Shakespeare references this in Henry VI Part II, with York himself allegedly behind it all:
I have seduc’d a headstrong Kentishman,
John Cade of Ashford,
To make commotion, as full well he can,
Under the tide of John Mortimer.
Another account from this era, A Short English Chronicle, reports that the rebel was “a capteyne the whiche namyd hym sylfe John Mortymer, whose very trew name was John Cade, and he was an Iresheman”.
Editions of this (and other chronicles covering Cade’s rebellion) can be found here and in The Jack Cade Rebellion of 1450: A Sourcebook by Alexander L. Kaufman (2019).
Compare, perhaps, the blue cockades of another rebellion in London, 330 years later, which we encountered a few weeks ago.

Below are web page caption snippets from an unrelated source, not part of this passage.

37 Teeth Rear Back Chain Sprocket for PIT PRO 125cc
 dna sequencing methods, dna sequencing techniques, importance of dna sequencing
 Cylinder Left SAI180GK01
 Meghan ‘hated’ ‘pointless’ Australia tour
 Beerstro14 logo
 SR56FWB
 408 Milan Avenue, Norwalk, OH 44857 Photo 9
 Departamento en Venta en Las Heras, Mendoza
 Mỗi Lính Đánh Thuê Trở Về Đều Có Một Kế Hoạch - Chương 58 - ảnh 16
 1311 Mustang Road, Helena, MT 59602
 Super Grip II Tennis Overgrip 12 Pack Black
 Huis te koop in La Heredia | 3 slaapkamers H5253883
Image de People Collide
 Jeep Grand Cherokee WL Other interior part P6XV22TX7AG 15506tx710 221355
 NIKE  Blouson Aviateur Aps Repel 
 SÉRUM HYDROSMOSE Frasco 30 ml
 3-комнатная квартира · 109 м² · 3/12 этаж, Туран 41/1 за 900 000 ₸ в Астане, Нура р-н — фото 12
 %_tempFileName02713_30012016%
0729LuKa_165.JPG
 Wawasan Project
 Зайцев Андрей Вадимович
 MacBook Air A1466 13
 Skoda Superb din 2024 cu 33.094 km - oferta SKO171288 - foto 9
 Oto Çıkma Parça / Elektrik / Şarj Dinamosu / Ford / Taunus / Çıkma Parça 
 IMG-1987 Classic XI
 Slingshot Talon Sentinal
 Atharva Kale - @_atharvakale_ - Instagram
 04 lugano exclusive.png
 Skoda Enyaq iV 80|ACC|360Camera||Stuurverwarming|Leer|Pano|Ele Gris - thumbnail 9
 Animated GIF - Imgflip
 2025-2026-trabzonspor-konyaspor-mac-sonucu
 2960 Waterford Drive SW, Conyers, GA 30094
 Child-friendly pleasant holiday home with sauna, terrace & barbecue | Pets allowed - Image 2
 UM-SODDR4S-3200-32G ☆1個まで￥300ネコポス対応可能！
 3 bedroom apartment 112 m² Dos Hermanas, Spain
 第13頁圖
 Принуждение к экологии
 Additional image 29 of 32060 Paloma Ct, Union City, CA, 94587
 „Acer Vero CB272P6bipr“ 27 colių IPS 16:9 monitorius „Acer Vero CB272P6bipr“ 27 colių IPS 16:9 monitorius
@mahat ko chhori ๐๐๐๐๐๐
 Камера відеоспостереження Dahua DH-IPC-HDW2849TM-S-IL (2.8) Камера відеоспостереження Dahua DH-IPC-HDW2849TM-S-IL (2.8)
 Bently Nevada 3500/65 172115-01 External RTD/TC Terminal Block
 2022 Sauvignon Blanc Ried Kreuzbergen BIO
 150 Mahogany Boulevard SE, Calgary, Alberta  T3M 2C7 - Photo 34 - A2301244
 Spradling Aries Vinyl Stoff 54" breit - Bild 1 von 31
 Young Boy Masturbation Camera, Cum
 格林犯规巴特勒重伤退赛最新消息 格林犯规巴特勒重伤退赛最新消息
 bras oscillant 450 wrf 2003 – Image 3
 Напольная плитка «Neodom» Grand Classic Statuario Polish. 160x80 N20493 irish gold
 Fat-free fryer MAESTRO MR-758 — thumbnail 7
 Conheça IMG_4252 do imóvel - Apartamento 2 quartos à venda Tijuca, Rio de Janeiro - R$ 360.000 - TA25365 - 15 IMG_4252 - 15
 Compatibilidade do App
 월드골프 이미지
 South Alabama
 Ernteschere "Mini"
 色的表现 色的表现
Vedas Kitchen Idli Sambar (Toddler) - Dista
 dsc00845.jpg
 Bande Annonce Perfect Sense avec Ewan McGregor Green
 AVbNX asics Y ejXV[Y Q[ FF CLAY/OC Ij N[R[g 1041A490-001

The story I heard was that Henry VI did issue a pardon to Cade, who then lived for some months peaceably at home in Kent. But, being urged-on by his vindictive missus, Margaret of Anjou, the king then revoked his pardon. Then Cade was mortally-wounded while resisting those sent to arrest him and, as described, after he died his mortal remains were abused in-line with the infantile mentality of the times. British history is littered with examples of perfidy on part of the Establishment. It would make interesting reading if 'Histories' could find accounts of Nelson's dishonourable conduct in his part in crushing the Neapolitan uprising in 1799.